◆ Work required:
Each entry below should be echoed exactly, with pictures omitted.

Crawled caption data
______________________________
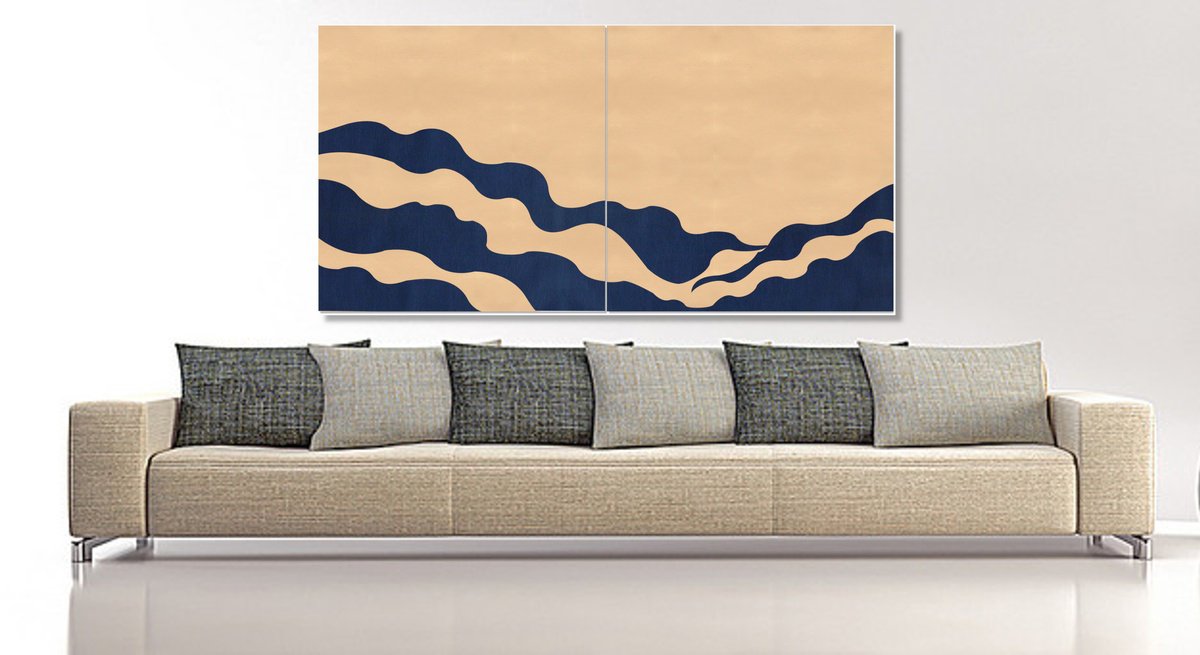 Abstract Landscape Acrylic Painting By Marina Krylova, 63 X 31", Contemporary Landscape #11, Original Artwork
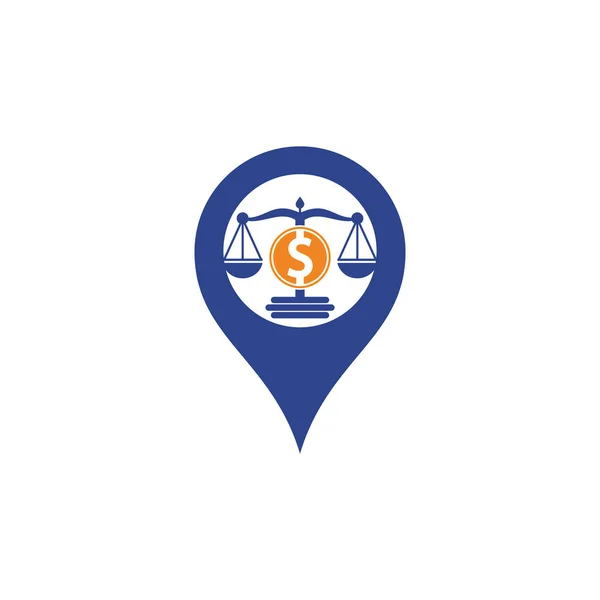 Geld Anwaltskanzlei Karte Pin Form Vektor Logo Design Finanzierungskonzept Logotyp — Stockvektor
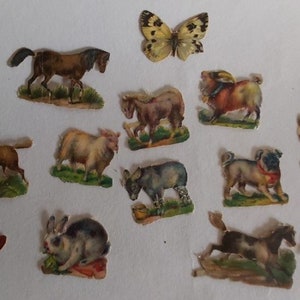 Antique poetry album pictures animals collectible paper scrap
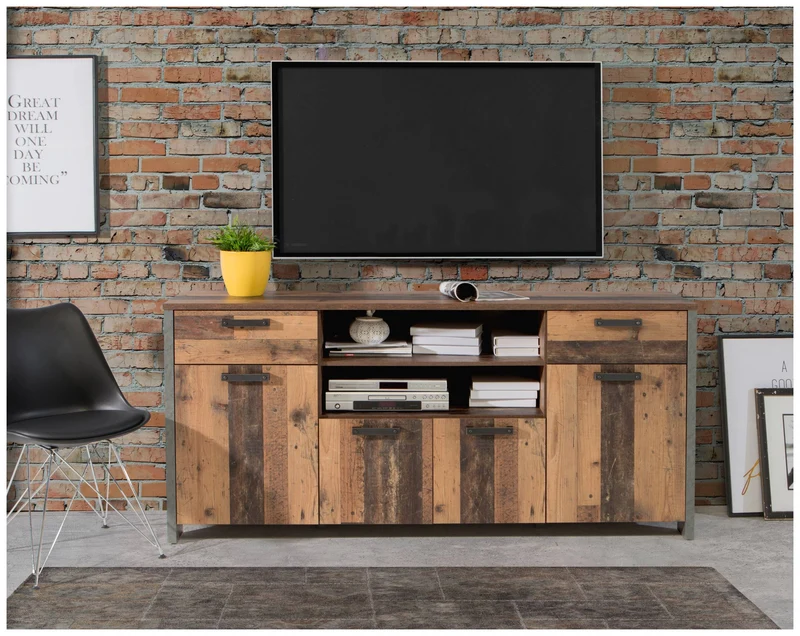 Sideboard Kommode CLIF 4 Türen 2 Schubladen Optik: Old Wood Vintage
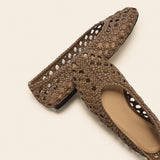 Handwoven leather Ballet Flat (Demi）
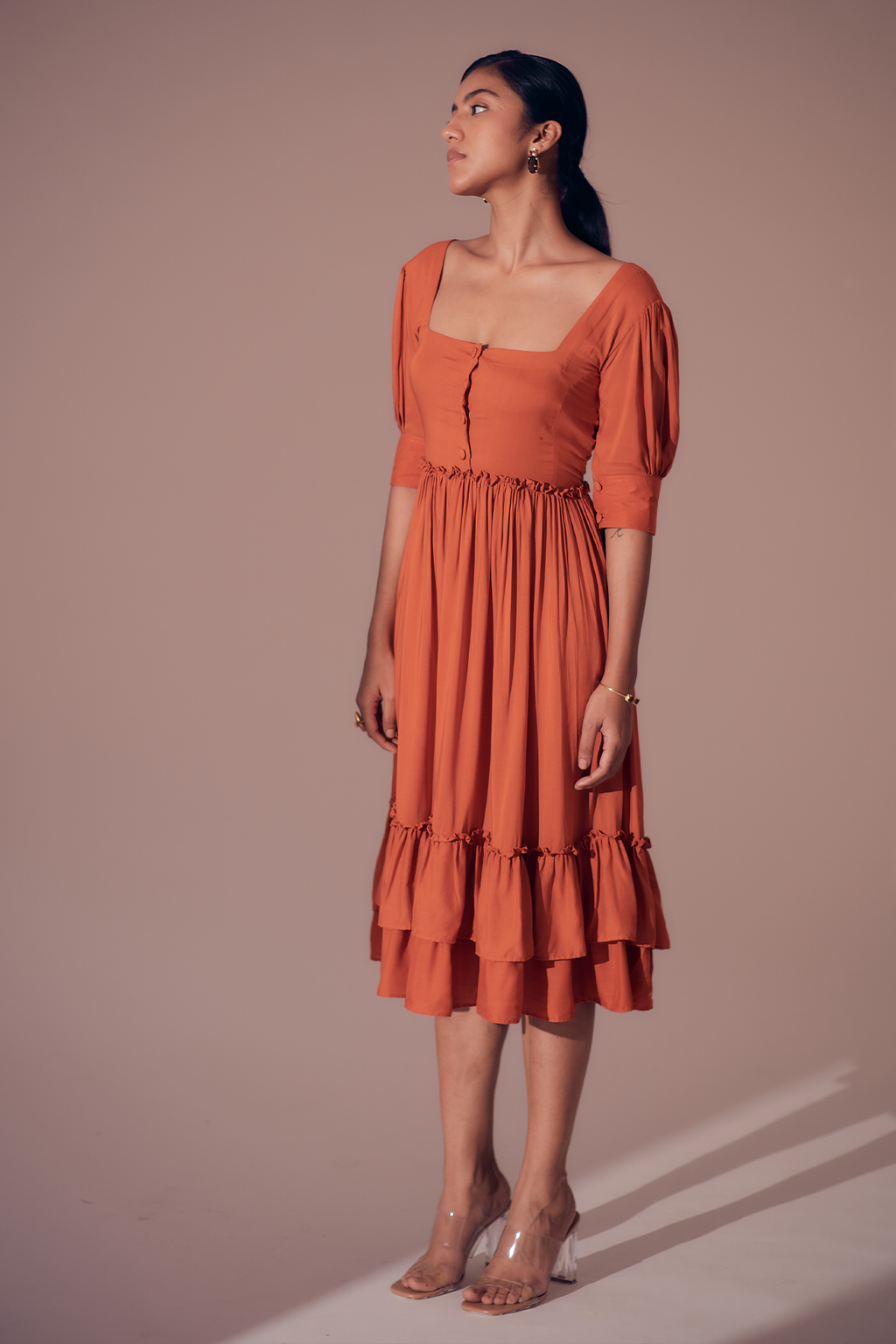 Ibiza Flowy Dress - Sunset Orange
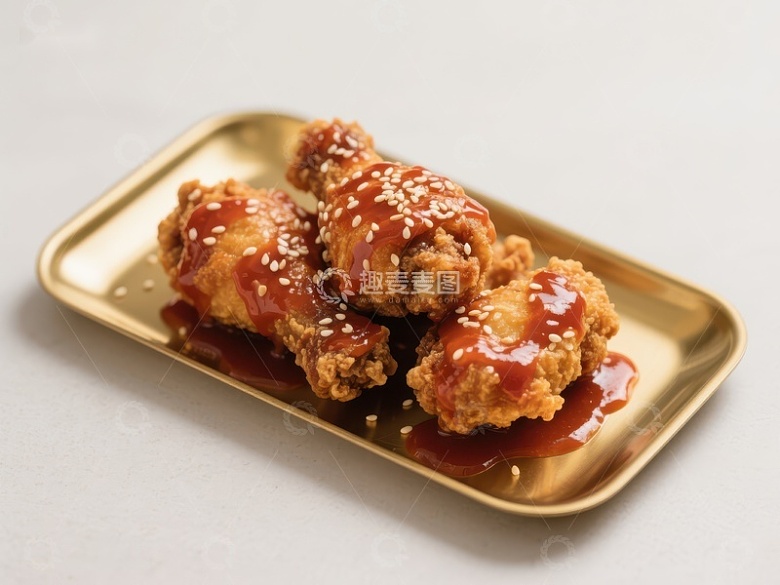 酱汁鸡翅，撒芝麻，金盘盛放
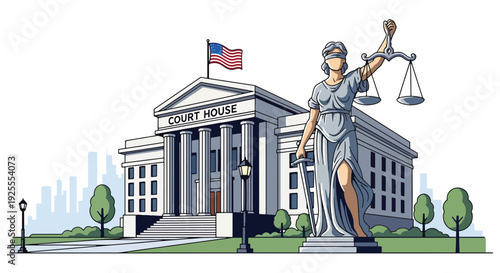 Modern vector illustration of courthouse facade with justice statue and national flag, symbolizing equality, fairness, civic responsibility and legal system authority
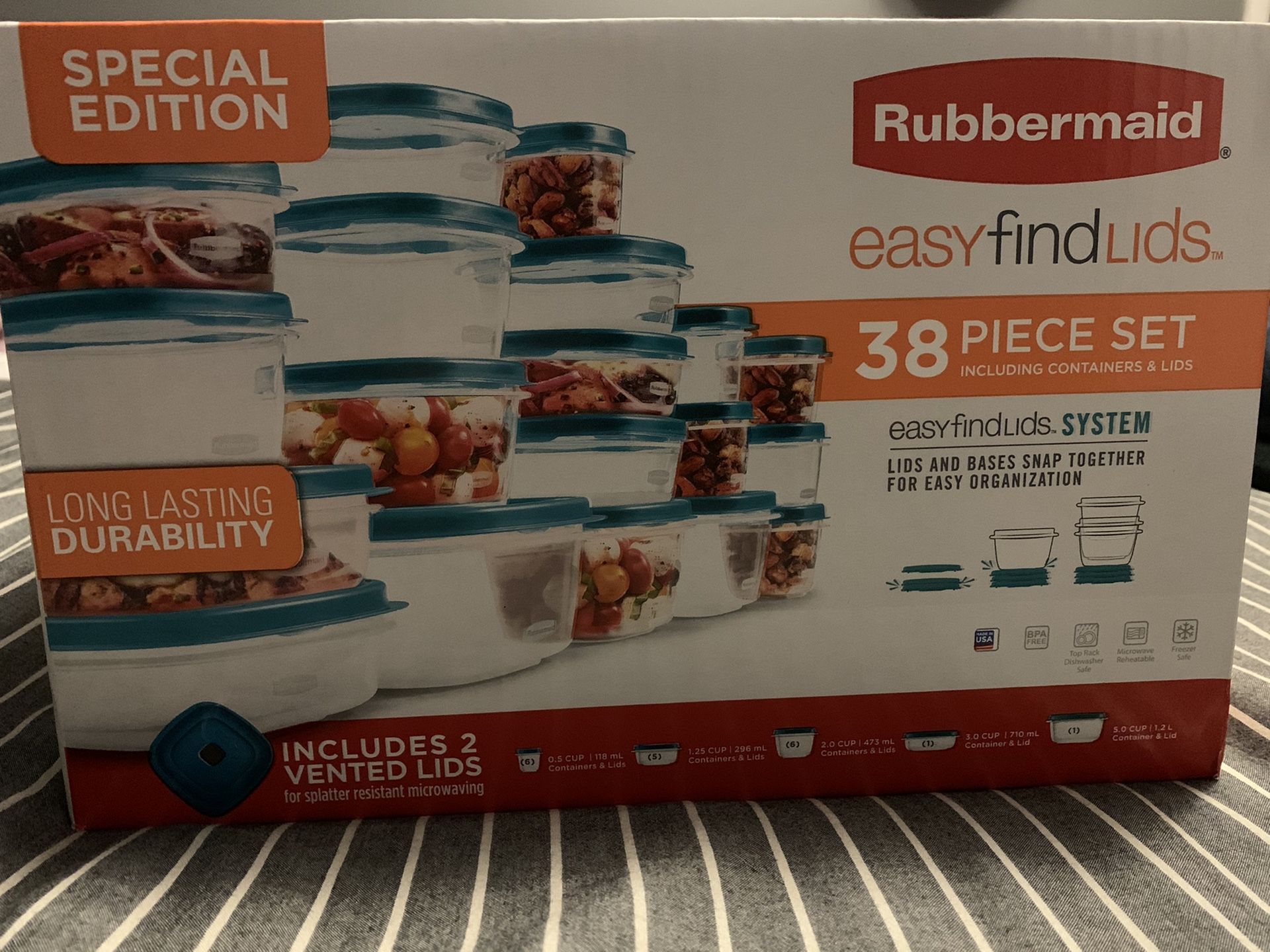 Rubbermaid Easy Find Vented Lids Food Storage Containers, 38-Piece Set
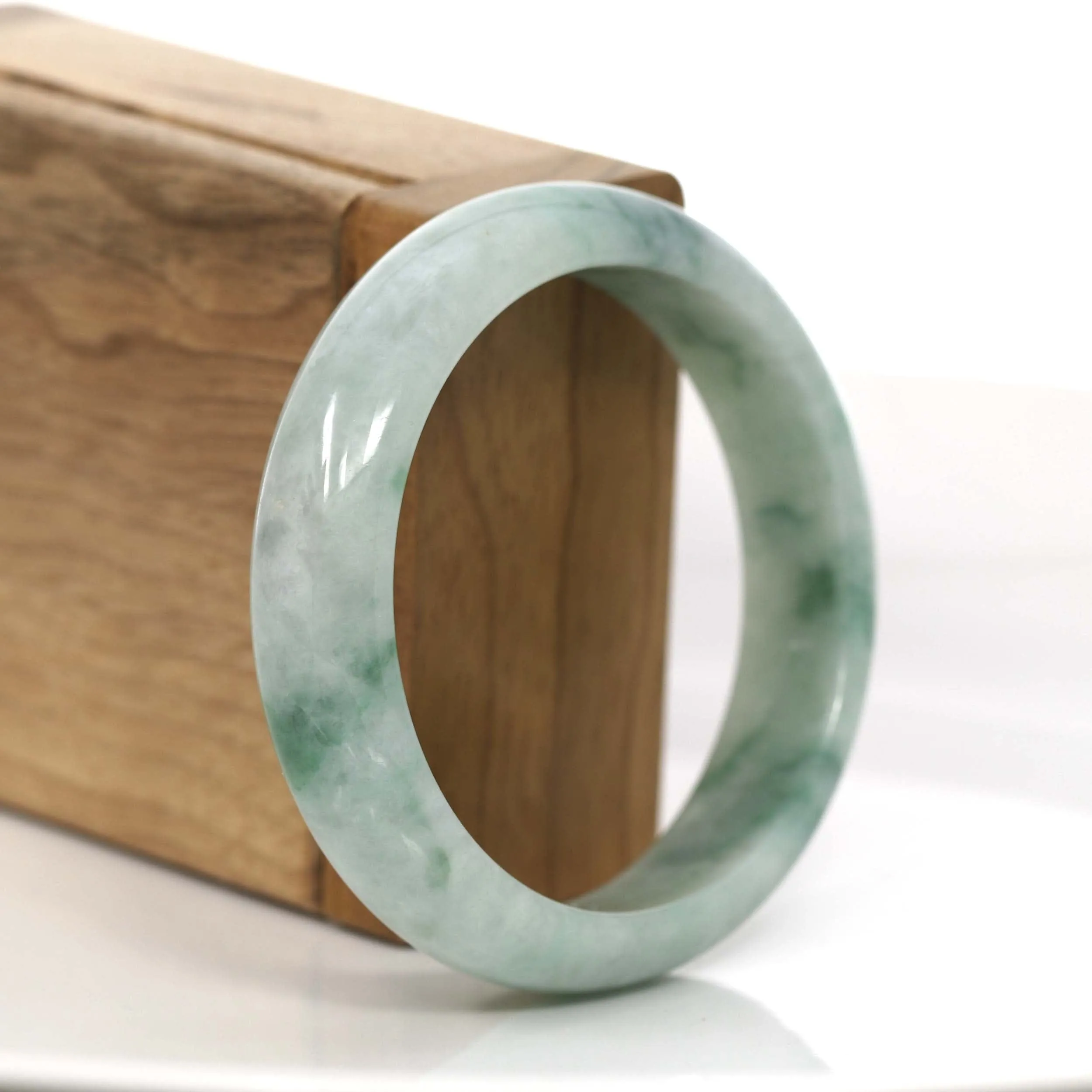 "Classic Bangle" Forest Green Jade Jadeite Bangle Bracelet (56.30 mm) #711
______________________________
◆ Answer to the exercise:
 Abstract Landscape Acrylic Painting By Marina Krylova, 63 X 31", Contemporary Landscape #11, Original Artwork
 Geld Anwaltskanzlei Karte Pin Form Vektor Logo Design Finanzierungskonzept Logotyp — Stockvektor
 Antique poetry album pictures animals collectible paper scrap
 Sideboard Kommode CLIF 4 Türen 2 Schubladen Optik: Old Wood Vintage
 Handwoven leather Ballet Flat (Demi）
 Ibiza Flowy Dress - Sunset Orange
 酱汁鸡翅，撒芝麻，金盘盛放
 Modern vector illustration of courthouse facade with justice statue and national flag, symbolizing equality, fairness, civic responsibility and legal system authority
 Rubbermaid Easy Find Vented Lids Food Storage Containers, 38-Piece Set
 "Classic Bangle" Forest Green Jade Jadeite Bangle Bracelet (56.30 mm) #711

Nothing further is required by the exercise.